Während die US-Journalistin mit diesen Dokumenten Richtung Schweiz flieht, um sie in der New York Times veröffentlichen zu lassen, wird Xavier im Gestapo-Keller gefoltert, um ihn schließlich bei einer Scheinbefreiung in einem Auto der Amerikanerin nachfahren zu lassen. Er schafft es, den Chauffeur nach Auschwitz-Birkenau zu lotsen, wo er als Rest noch einen Ziegelstein findet.
Ende. Ob es Charlotte gelingt, die Dokumente auszuführen und zu veröffentlichen, erfahren wir nicht.
Harris dreht folgendermaßen an der historischen Schraube:
Der deutschen Wehrmacht gelang es 1942 an der Wolga, den Nachschub der Sowjets zu blockieren, jedoch nicht die gesamte Sowjetunion zu erobern. Sibirien ist noch immer in kommunistischer Hand, der Krieg ist nicht zu Ende.
Mit Großbritannien unter König Edward und Königin Wallis wurde 1944 Frieden geschlossen.
Nach dem US-Atombombenabwurf auf Hiroshima ließ Deutschland eine V-3 über New York erscheinen, um zu zeigen, dass es die USA angreifen kann. Seitdem herrscht Kalter Krieg zwischen den USA und Deutschland.
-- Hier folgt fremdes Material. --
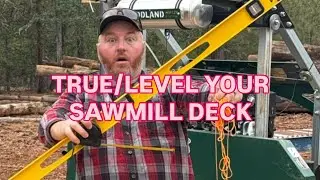 True Your Sawmill Deck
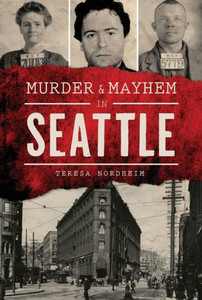 Murder & Mayhem In Seattle Murder & Mayhem In Seattle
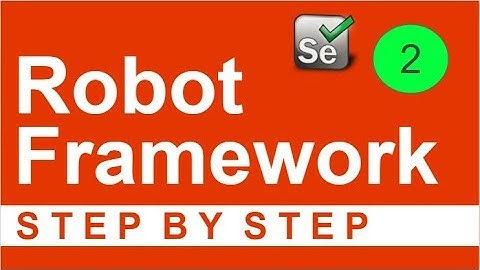 Robot Framework Beginner Tutorial 2 - How to create first Selenium Test with RIDE  💧💧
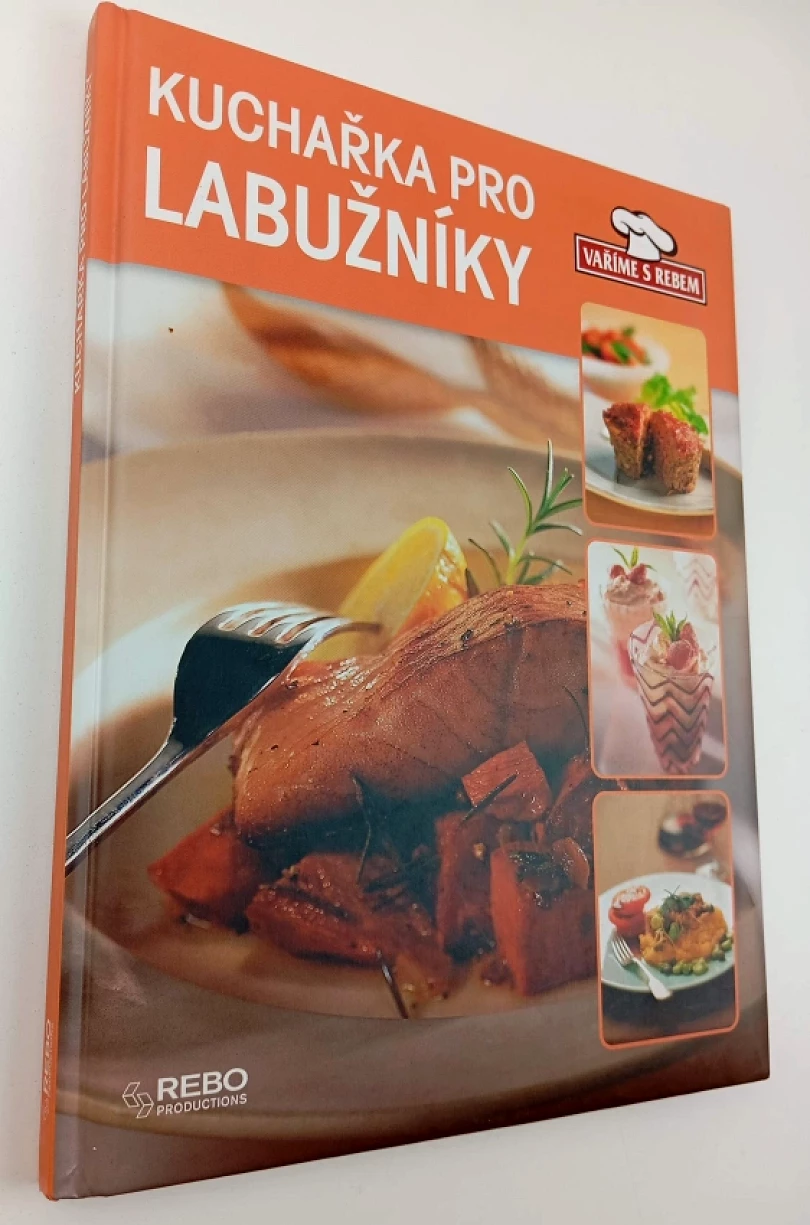 Levně Kuchařka pro labužníky (, 2006)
Während der Roman spielt (vor dem 75. Geburtstag Hitlers) gibt es eine Annäherung, der US-Präsident Joe P. Kennedy (der Vater von John F. und verbürgter Antisemit) kündigt eine Reise nach Deutschland an.
Der polnische Widerstand ist immer noch aktiv und verübt Terroranschläge.
Westeuropa steht unter deutscher Einflussnahme, Deutschland ist der industrialisierte Wirtschaftsmotor, die Reichsmark Leitwährung. Zwölf Staaten haben sich unter der Führung Deutschlands zu einer Europäischen Gemeinschaft zusammengeschlossen. Die Flagge: zwölf gelbe Sterne im Kreis auf blauem Grund.
Manchmal etwas dick aufgetragen mit Ecken und Kanten in der Handlungslogik, aber durchaus eine Leseempfehlung.